The political protection enjoyed by the sand operators is quite visible: 928 cases, 727 arrests, and a prosecution rate that nears zero.

"The people who do this have protection," said a farmer from Mongalkot block, who has been filing complaints about sand trucks for three years. "Everyone knows. The panchayat knows. The police know. The block office knows. Nothing changes because the people who run the sand ghats and the people who run the government are, in many places, the same people," he adds.

What would meaningful change look like? Environmental scientists and activists are clear: mandatory scientific assessments of sustainable extraction limits; independent monitoring of active ghats by bodies not answerable to the district administration; a moratorium on extraction in geomorphologically vulnerable stretches of the Ajay and Mayurakshi; and serious investment in manufactured sand as an alternative. None of this is beyond the technical capacity of the state, but seems beyond its current political will.

What the River Cannot Say

The girl at the Ajay's edge does not know what a morphological channel shift is. She does not know that the pit three metres to her left was dug last month and that the monsoon, when it comes, may breach its wall and send water across the floodplain. She does not know that the sand she carries is reducing the groundwater table that her family's handpump draws from. She knows Rs 30 is better than nothing. She knows that the JJCB will shout at her if she stops. She knows that her father has a debt.

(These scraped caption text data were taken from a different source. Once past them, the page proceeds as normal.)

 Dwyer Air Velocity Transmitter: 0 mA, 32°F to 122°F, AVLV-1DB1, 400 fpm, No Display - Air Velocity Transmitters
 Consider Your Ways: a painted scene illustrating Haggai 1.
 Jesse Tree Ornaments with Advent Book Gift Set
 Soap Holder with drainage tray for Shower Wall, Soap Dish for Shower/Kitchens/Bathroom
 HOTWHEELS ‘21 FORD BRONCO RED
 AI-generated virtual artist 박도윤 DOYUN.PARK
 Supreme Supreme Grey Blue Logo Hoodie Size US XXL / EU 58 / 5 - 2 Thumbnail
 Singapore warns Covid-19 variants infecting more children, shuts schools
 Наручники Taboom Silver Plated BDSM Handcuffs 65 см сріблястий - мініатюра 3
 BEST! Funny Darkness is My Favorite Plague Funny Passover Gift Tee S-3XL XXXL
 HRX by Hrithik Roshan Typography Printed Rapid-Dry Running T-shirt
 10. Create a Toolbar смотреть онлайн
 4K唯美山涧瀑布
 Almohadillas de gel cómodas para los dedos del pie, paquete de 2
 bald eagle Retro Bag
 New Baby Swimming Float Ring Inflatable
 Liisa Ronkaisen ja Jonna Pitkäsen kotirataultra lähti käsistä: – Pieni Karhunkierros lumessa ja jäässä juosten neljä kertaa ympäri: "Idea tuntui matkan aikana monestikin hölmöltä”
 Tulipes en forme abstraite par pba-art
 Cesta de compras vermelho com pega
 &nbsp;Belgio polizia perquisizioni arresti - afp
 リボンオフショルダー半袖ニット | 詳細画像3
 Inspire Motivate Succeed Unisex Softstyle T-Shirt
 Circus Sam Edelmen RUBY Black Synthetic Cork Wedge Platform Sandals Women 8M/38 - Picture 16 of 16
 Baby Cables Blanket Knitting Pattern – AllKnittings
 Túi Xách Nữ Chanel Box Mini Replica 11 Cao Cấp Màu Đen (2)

The Santhal and Baul traditions of Birbhum -- the same traditions that drew poet Rabindranath Tagore to establish Santiniketan here, that produced the sculptor Ram Kinkar Baij -- are rooted in the rivers. The degradation of the Ajay and Mayurakshi is being seen not merely as an environmental setback by the communities who depend on them, but as a second dispossession. This time without a revolt, because the people who control the guns are also the people who file police complaints.

"The river is not just water," said an activist from Suri who has tracked the Mayurakshi for a decade. "It is our well, our field, our market, our God. When you mine it like this, you are not taking sand. You are taking everything. And the people who have nothing left have no way to make you stop."